__REQUIREMENT__. What you return must match the data exactly, line for line.

__GIVEN DATA__.
* * * * *
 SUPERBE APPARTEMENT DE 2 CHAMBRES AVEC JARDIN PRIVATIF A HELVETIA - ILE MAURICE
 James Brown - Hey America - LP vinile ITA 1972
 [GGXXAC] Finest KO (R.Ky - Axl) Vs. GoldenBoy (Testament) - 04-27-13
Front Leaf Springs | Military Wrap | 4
* * * * *
__RESPONSE__.
 SUPERBE APPARTEMENT DE 2 CHAMBRES AVEC JARDIN PRIVATIF A HELVETIA - ILE MAURICE
 James Brown - Hey America - LP vinile ITA 1972
 [GGXXAC] Finest KO (R.Ky - Axl) Vs. GoldenBoy (Testament) - 04-27-13
Front Leaf Springs | Military Wrap | 4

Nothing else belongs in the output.